Home, where is that?  After all I counted London as home but I lived there only 9 years. While we were travelling I called our tent ‘home’ and I was perfectly happy that we could pick that home up and take it where ever the whim took us.  If home is where the heart is, do I have 2 homes? And more importantly if you have 2 homes do you ever feel truly ‘at home’ in one of them.

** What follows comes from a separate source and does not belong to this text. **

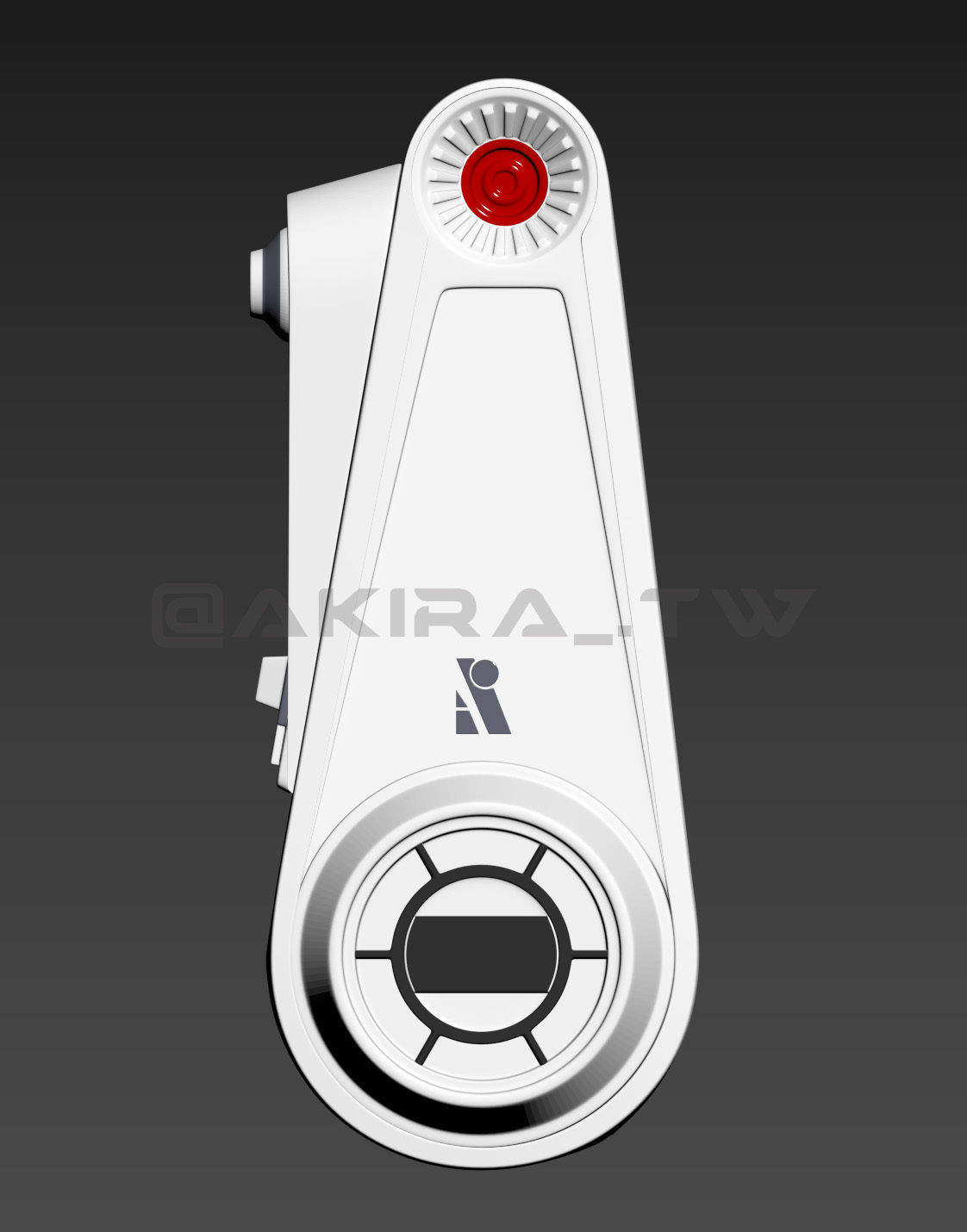 Star Wars Episode V TS Snow Trooper Armor 3D print model_30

This time last year I was 100% going home (to the UK that is).  I was tired of the difficulties of living in a different language, different culture, different religion  I was exhausted.  I was brow beaten and sick of being an outsider.  No longer at the top of my career but instead unable to find work that suited my skills, language or salary expectations.  Most of all I was tired of hearing people say, ‘make more of an effort to settle’, ‘maybe if your Hebrew was better, why don’t you speak it more’, sick of feeling like nothing I did was enough.  Was it all in my head?  Maybe, but I think that as an ex-pat, especially one who moves to a new language and a different culture you always ask yourself, ‘do I fit in?’ followed quickly in my case with ‘why should I have to?’.

So what now?  It’s 2014, a New Year.  Has anything changed?  Honestly I don’t know.  As in the previous 9 years I have good weeks and bad weeks, good days and bad days although the bad is less in occurrence and in intensity. I feel at home here although it is not, nor do I think it will ever be, ‘home’.  I hope to go back some day, whether it’s in 2014 or in a box in the hold of an aeroplane.  If someone would wave a magic wand or give me a winning lottery ticket to set us up in the UK for a couple of years to see how we would like it, I’d go in a shot.  But it’s not just about me.  It’s about my lovely husband who would go where ever I wished if it made me happy (even though he would not really want to go).  It’s about my children, my Israeli children who, like it or not only know this as home and speak to me and each other in a language that I often don’t understand.  As they get older the move gets more difficult, and the looming start of school underlines that fact.

Over on a blog I follow, Expatriate Life,  Judy has often talked about repatriation, about the challenges of repatriating after time away and I think it is this repatriation fear that stopped me from packing our bags and running this time last year.  Really, what do I know about the UK now.  Have I perhaps become too Israeli for England but too English for Israel?  Only time will tell as yet again we write our pros and cons list, we look for options were we to move back.  The key, I think, is no regrets, no looking back in anger, no what ifs or maybe.  When all is said and done as long as our family is together we are home.